## RECORDS FOR THIS TASK
***
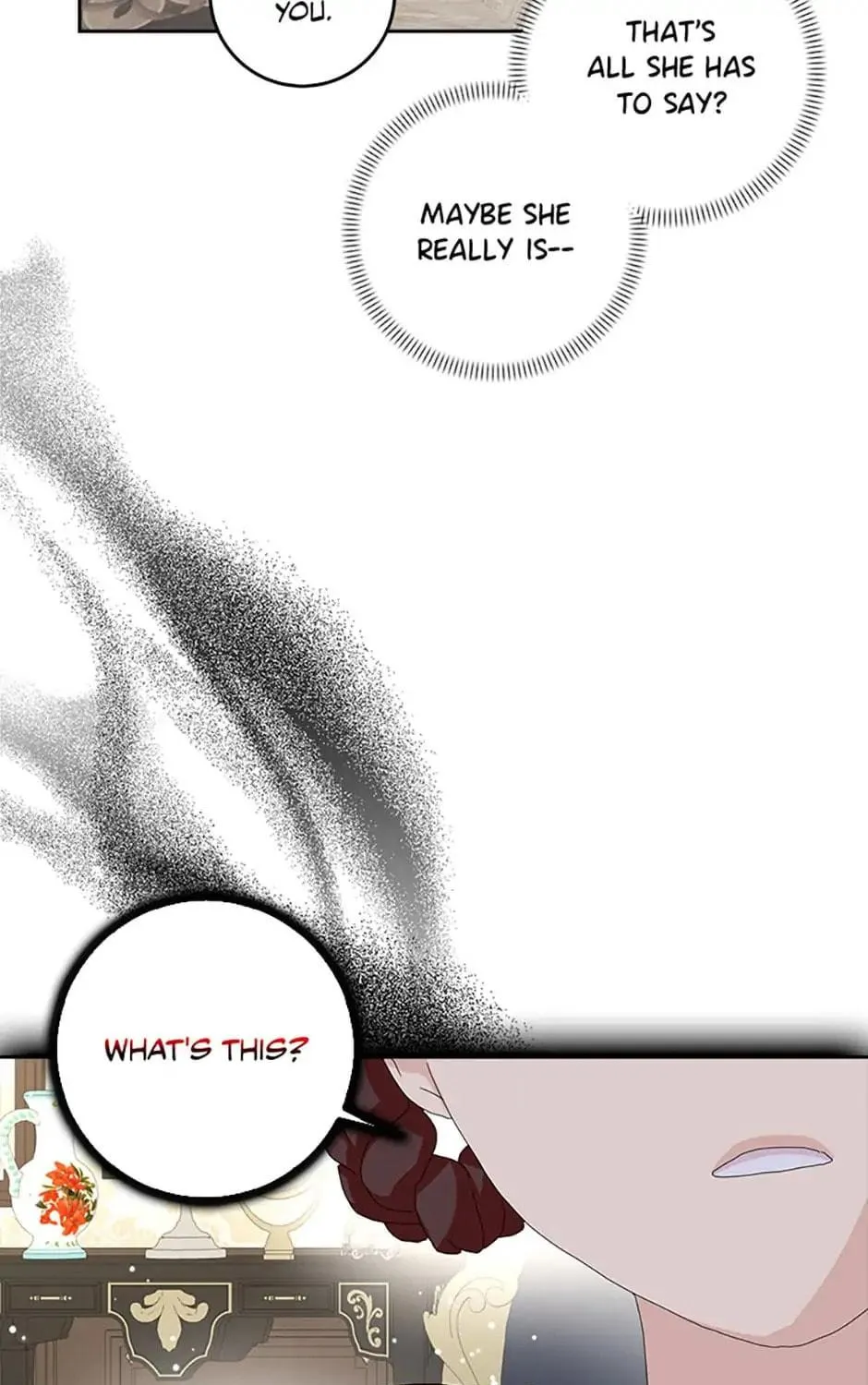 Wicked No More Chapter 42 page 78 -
***
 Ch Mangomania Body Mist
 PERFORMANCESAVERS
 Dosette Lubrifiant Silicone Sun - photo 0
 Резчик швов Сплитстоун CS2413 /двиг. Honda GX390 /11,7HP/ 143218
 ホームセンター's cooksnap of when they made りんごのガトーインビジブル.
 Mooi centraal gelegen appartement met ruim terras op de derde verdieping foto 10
***
## WORK ORDER
In your answer, include only the lines above starting at the line that holds "ホームセンター's cooksnap of" and ending at the line that holds "Mooi centraal gelegen", copied exactly.

## THE ANSWER
 ホームセンター's cooksnap of when they made りんごのガトーインビジブル.
 Mooi centraal gelegen appartement met ruim terras op de derde verdieping foto 10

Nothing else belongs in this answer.